Available data Start Marker

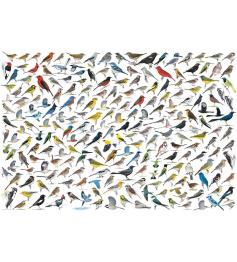 Puzzle Eurographics El Mundo de los Pájaros de 2000 Piezas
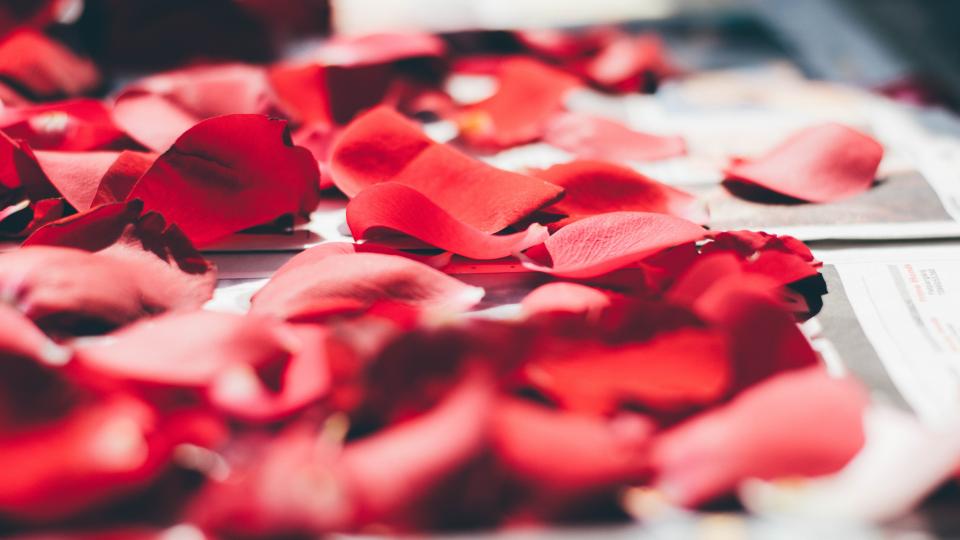 red petals rose flower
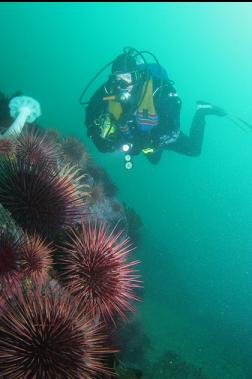 urchins and anemones on deeper reef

Available data End Marker

▶ **Instructions for the task**
Please repeat the data verbatim and leave the pictures out of your copy.

▶ **Answer section**
 Puzzle Eurographics El Mundo de los Pájaros de 2000 Piezas
 red petals rose flower
 urchins and anemones on deeper reef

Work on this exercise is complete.